• **PROMPT**:
Two lines mark the range in the entries below: the one holding "This is Google" and the one holding "In the next". Set down those two and all lines between them, exactly.
[[ DATA SUPPLIED open ]]
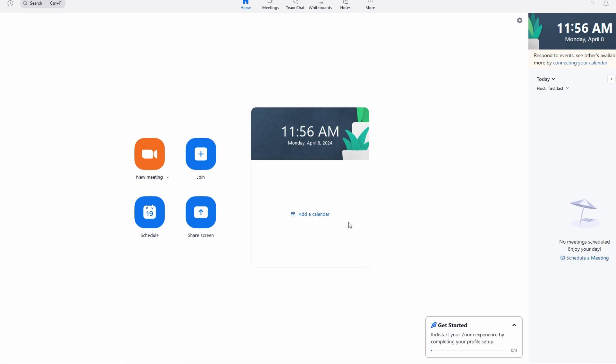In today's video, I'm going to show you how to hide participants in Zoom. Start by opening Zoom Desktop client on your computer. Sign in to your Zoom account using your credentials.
[[ DATA SUPPLIED closed ]]
[[ DATA SUPPLIED open ]]
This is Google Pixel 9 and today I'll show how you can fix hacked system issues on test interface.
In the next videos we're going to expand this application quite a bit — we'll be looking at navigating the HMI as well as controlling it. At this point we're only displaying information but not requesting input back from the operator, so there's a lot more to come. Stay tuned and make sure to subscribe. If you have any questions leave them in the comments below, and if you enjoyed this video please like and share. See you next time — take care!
[[ DATA SUPPLIED closed ]]
• **OUTPUT OF THE TASK**:
This is Google Pixel 9 and today I'll show how you can fix hacked system issues on test interface.
In the next videos we're going to expand this application quite a bit — we'll be looking at navigating the HMI as well as controlling it. At this point we're only displaying information but not requesting input back from the operator, so there's a lot more to come. Stay tuned and make sure to subscribe. If you have any questions leave them in the comments below, and if you enjoyed this video please like and share. See you next time — take care!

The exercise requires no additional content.